In recognition of World Rat Day, Lori kicks off the show by going deep on these ubiquitous mammals. Rats are very social, affectionate, and intelligent. They get lonely and anxious when isolated. But when in their family group (referred to as a mischief) they will care for the injured and sick. Rats can be trained to answer to their name and have recently been shown to be able to laugh! In Rajasthan, India, the Karni Mata Temple, the Temple of Rats, is home to about 25,000 animals, where they are revered. The Temple is a destination for Hindu pilgrims. And of course, the first animal of the Chinese Zodiac is the rat, and the Year of the Rat occurred in 2020, 2008, 1996, 1894, 1972, 1960, 1948, 1948, 1924. Those born during such years are thought to possess qualities of the rat: creativity, intelligence, ambition, honesty and generosity. Finally, new scientific evidence points away from rats as transmission vectors of bubonic plague. Instead, direct transmission from person to person through fleas, ticks and lice may be the actual mode.

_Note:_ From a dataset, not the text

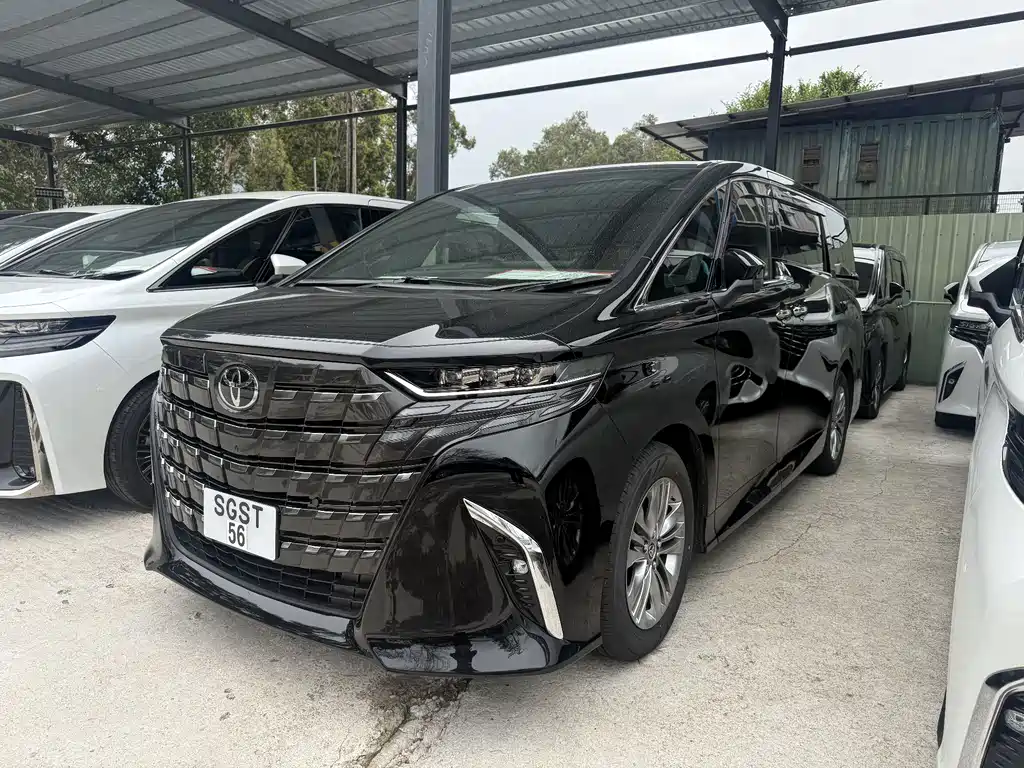 Alfa 2025 Shuangqing 2.5L Premium Gold Edition купить на сайте DeffCars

We continue talking about research on dogs aimed at seeing if they can detect differences between varying spoken human languages. The tool of functional MRI is being used to look at brain activity in awake dogs when they listened to Spanish versus Hungarian speech. But where will these studies go, and will they yield any valuable insights? Then Lori dives into the research on sleep quality among those who sleep with a pet in the bed. Is it sleep-enhancing or disruptive? Mostly, this question has been addressed through surveys, and Lori reviews a sampling of them plus some expert opinions from sleep experts. Tune in to hear the bottom line! Then, we have news items including efforts to find and save the rare saola, a recently discovered large horned mammal native to Laos and Vietnam, a petting zoo in Tacoma, Washington that needs to be shut down due to abuse and neglect of the animals there, and data on how few pet guardians are trained in first aid for their pets.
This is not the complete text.